● ACTIVITY
Say how many of the lines below hold "Drive", writing the number and nothing more.

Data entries

┄┄┄┄┄┄

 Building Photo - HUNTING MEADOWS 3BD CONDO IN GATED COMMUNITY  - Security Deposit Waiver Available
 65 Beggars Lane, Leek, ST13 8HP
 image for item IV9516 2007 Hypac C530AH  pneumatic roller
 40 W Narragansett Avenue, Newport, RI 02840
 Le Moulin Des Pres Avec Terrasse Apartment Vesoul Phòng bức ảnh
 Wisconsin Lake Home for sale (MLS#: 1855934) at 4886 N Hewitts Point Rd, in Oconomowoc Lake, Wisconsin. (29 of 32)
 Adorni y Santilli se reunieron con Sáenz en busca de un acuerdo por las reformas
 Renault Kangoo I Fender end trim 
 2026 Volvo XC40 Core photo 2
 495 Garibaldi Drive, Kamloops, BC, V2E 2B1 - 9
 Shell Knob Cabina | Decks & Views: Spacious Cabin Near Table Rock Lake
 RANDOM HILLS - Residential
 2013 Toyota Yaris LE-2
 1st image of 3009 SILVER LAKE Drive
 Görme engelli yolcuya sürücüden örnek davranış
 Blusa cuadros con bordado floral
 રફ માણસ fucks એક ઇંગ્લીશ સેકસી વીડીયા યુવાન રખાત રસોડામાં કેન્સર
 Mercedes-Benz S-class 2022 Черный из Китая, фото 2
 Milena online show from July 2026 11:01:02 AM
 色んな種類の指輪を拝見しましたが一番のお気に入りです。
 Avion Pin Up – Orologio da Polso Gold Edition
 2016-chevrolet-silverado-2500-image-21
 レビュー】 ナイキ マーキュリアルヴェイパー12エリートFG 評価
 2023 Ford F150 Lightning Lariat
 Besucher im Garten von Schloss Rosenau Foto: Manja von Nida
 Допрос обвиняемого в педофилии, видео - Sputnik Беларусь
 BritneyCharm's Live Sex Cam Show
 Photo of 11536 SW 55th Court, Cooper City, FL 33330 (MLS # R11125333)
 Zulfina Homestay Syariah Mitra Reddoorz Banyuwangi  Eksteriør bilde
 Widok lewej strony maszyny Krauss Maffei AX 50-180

┄┄┄┄┄┄

● ANSWER
2